NHTSA Classifies Google AI As A ‘Driver’ In New Regulations, Boosts Self-Driving Street Cred

Score a victory for Google and all the work it's put into its self-driving vehicle initiative. Why? The National Highway Traffic Safety Administration informed Google that the artificial intelligence (AI) system controlling its fleet of autonomous vehicles qualifies as a "driver" under federal law, which is no small thing.

To understand the significance of this, we have to go back to December of last year when California's Department of Motor Vehicles (DMV) drafted a set of rules and restrictions for self-driving cars. Among the restrictions was that a licensed driver would have to be behind the wheel at all times. Google said it was "gravely disappointed" with California's proposed mandates, in particular because requiring a driver would eliminate the possibility of someone with special needs, such as a blind person, from using a self-driving car.

Google Self Driving Car

Having the NHTSA rule that Google's AI system could be considered a driver under federal law is a major development, one that potentially lifts the so-called ceiling on autonomous technology that Google felt California had imposed.

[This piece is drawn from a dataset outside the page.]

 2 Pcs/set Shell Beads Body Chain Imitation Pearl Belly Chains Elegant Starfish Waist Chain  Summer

"NHTSA will interpret 'driver' in the context of Google's described motor vehicle design as referring to the (self-driving system), and not to any of the vehicle occupants," NHTSA's letter said. "We agree with Google its (self-driving car) will not have a 'driver' in the traditional sense that vehicles have had drivers during the last more than one hundred years."

This effectively removes one potential roadblock from Google's effort to streamline testing of its autonomous vehicles, though there are still things to figure out.

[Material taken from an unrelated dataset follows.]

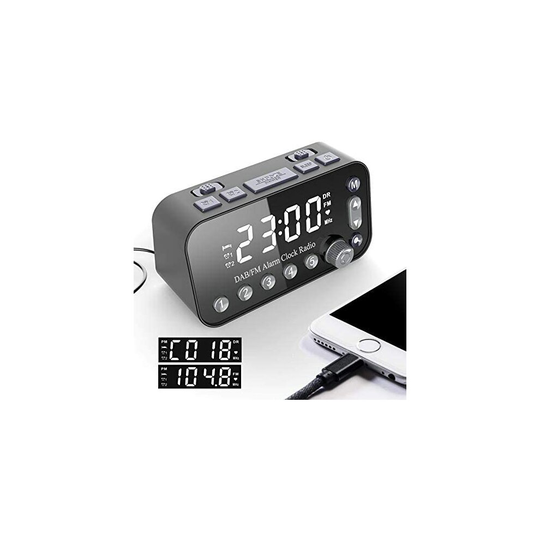 LED Digital Clock Sleep Timer with Dual USB DAB/FM Radio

"The next question is whether and how Google could certify that the [self-driving system] meets a standard developed and designed to apply to a vehicle with a human driver," the NHTSA added.

Google is still in the process of digesting everything the NHTSA had to say. While there are still obstacles to overcome and questions that need answered, this is a positive step for Google in its effort to commercialize self-driving vehicles.